Supplied entries below:

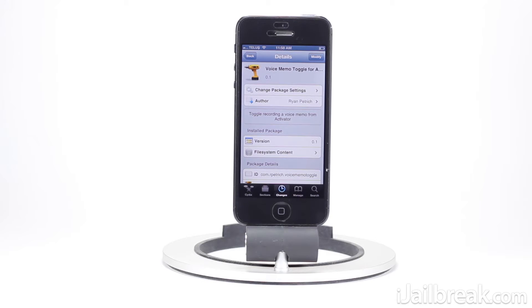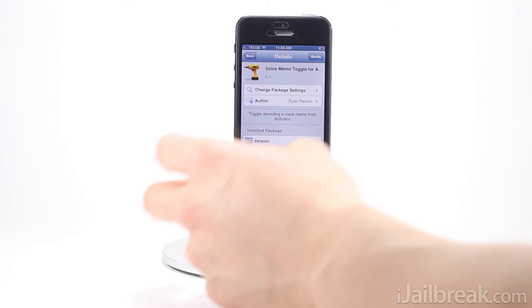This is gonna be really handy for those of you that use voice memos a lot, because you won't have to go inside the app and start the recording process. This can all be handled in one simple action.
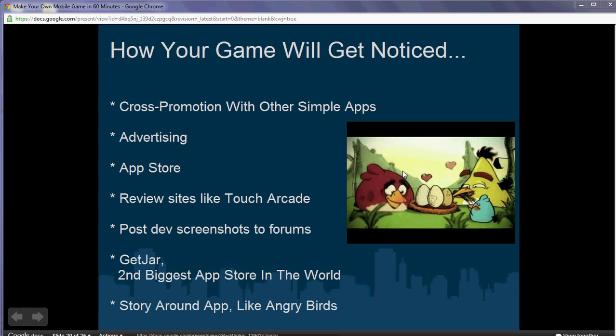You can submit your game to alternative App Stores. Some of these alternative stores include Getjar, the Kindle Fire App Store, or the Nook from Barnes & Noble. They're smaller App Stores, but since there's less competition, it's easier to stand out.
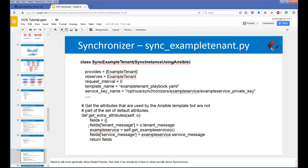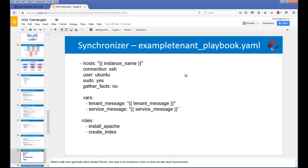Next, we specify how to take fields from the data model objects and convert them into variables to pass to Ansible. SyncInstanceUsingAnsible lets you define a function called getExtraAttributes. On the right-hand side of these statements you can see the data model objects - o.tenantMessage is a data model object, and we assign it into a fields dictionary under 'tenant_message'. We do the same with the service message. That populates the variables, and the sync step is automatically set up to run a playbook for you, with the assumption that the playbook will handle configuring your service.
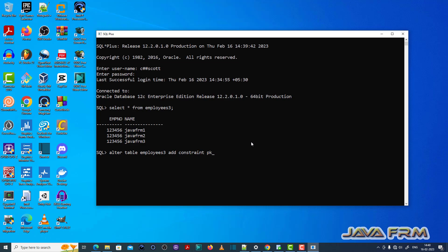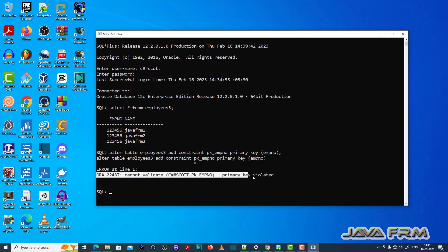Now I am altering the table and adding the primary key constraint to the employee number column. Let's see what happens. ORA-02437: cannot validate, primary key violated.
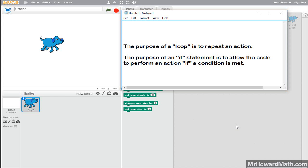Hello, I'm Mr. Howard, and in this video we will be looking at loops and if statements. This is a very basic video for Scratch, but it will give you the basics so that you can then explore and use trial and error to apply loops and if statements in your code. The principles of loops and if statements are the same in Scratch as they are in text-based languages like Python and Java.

End of Supplied entries.
Supplied entries below:

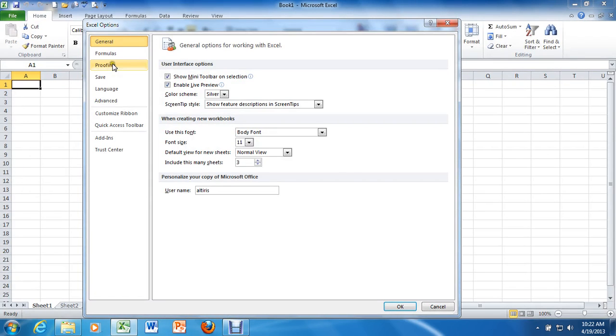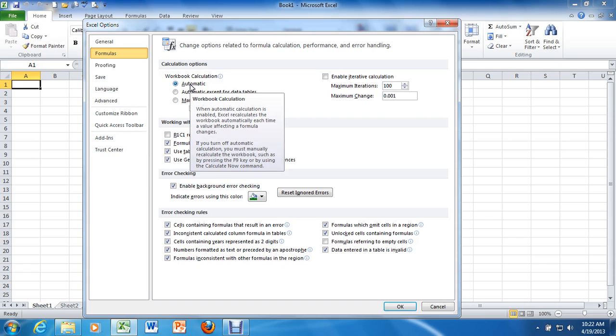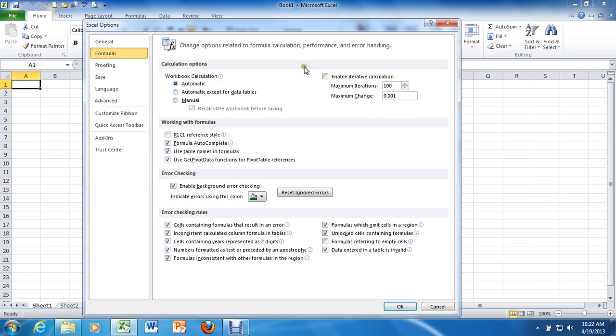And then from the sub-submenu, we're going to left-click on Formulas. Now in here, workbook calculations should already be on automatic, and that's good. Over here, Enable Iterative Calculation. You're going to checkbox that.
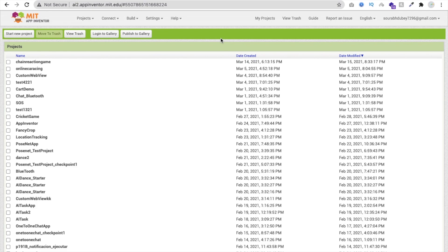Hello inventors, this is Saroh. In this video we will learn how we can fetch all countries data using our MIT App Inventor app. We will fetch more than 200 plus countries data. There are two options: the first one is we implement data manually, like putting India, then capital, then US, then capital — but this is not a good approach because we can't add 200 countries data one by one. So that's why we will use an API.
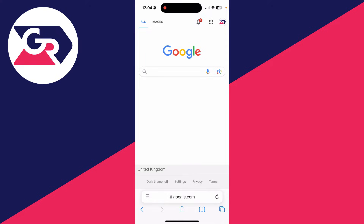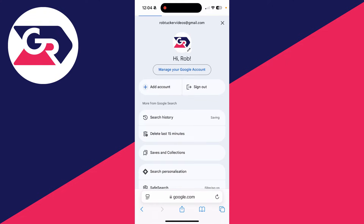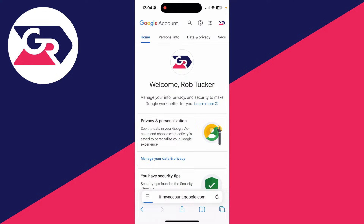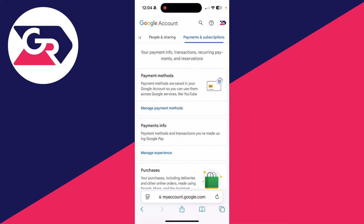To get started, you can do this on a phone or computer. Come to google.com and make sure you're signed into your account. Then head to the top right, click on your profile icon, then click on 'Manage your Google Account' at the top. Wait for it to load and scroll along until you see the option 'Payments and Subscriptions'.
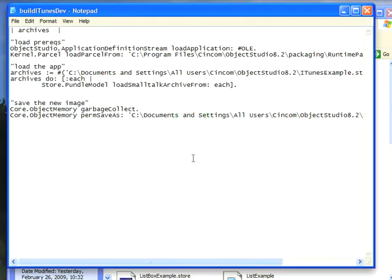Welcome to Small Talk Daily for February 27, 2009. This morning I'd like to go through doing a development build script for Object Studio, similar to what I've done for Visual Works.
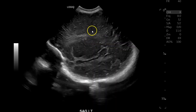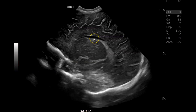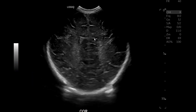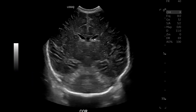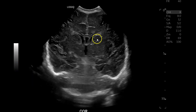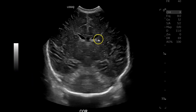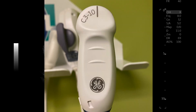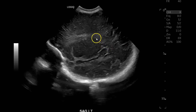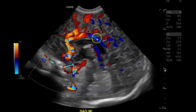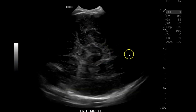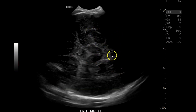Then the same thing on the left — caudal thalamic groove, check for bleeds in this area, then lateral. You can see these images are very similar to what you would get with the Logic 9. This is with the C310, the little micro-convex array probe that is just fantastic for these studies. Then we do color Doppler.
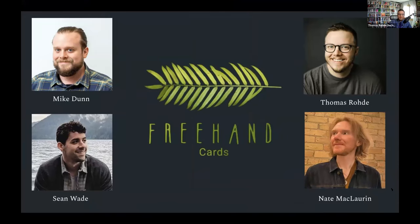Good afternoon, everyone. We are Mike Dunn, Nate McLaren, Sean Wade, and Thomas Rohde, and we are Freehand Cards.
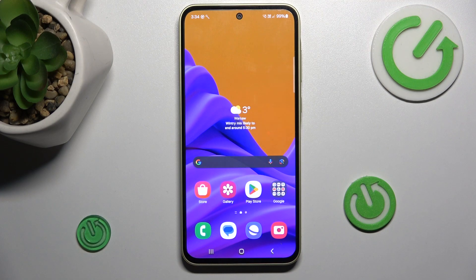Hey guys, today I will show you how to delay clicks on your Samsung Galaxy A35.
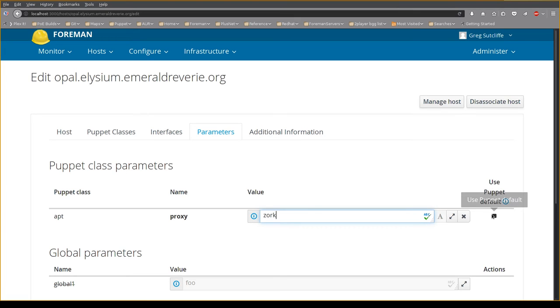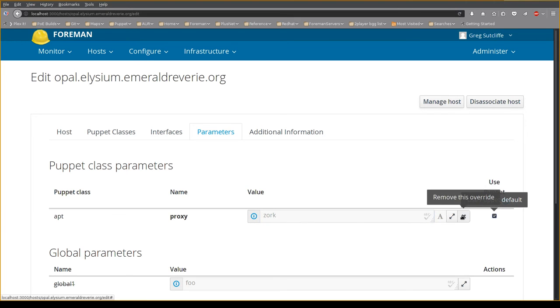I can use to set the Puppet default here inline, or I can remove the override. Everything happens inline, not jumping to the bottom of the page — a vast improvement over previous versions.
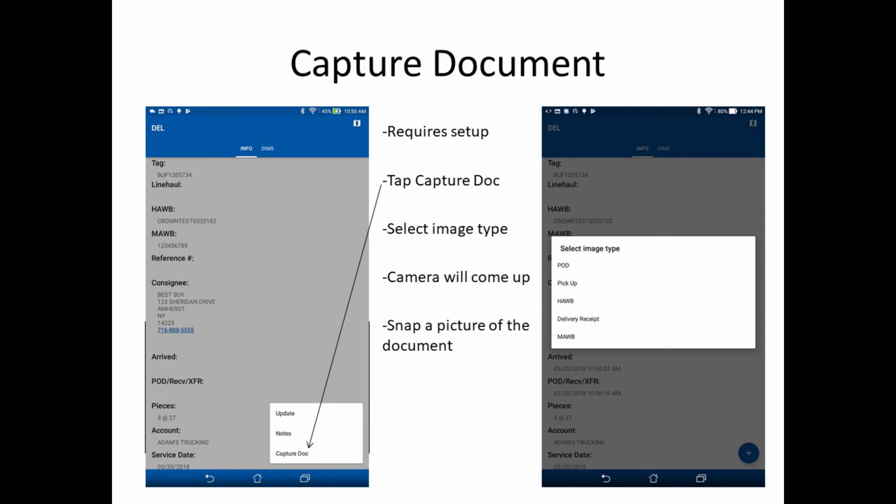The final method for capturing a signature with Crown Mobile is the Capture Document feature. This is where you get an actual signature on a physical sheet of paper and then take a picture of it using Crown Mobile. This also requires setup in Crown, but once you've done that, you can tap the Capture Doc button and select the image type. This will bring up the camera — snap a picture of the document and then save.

End of Supplied entries.

Reproduce word for word, with pictures dropped, only the part of the material above that opens with the line containing "Hey guys, today" and closes with the line containing "The final method".

**Exercise answer**
Hey guys, today I will show you how to delay clicks on your Samsung Galaxy A35.
I can use to set the Puppet default here inline, or I can remove the override. Everything happens inline, not jumping to the bottom of the page — a vast improvement over previous versions.
The final method for capturing a signature with Crown Mobile is the Capture Document feature. This is where you get an actual signature on a physical sheet of paper and then take a picture of it using Crown Mobile. This also requires setup in Crown, but once you've done that, you can tap the Capture Doc button and select the image type. This will bring up the camera — snap a picture of the document and then save.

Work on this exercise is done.